**INSTRUCTIONS FOR THE TASK:** Could you give back exactly the lines below from the one with "1996 Ford Bronco" through the one with "Stock Photo - Variety", without a single picture?

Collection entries
◇ ◇ ◇ ◇ ◇ ◇ ◇
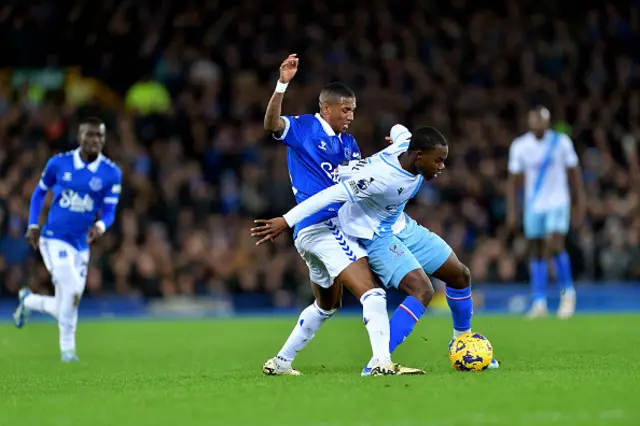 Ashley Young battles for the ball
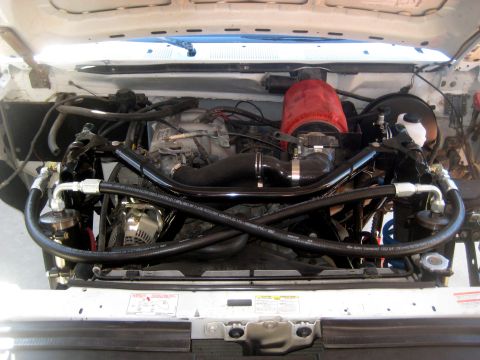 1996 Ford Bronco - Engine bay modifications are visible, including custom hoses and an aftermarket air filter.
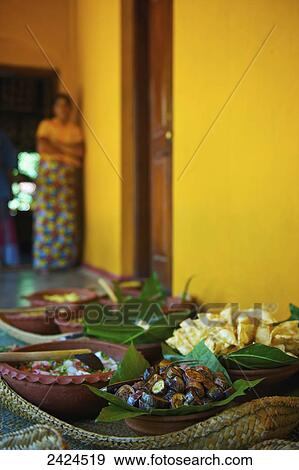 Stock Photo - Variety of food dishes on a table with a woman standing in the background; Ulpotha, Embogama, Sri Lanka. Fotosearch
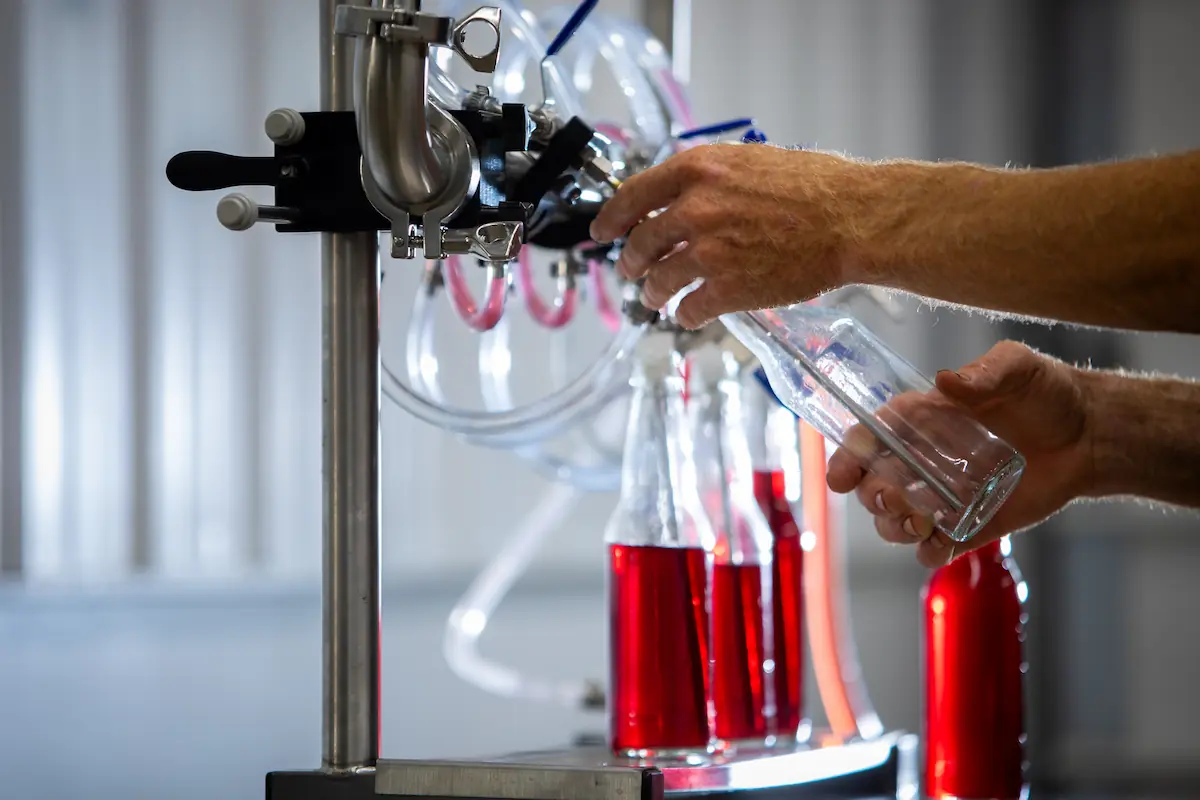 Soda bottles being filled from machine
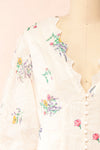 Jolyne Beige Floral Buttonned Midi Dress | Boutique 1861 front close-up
◇ ◇ ◇ ◇ ◇ ◇ ◇
**ANSWER SPACE:**
 1996 Ford Bronco - Engine bay modifications are visible, including custom hoses and an aftermarket air filter.
 Stock Photo - Variety of food dishes on a table with a woman standing in the background; Ulpotha, Embogama, Sri Lanka. Fotosearch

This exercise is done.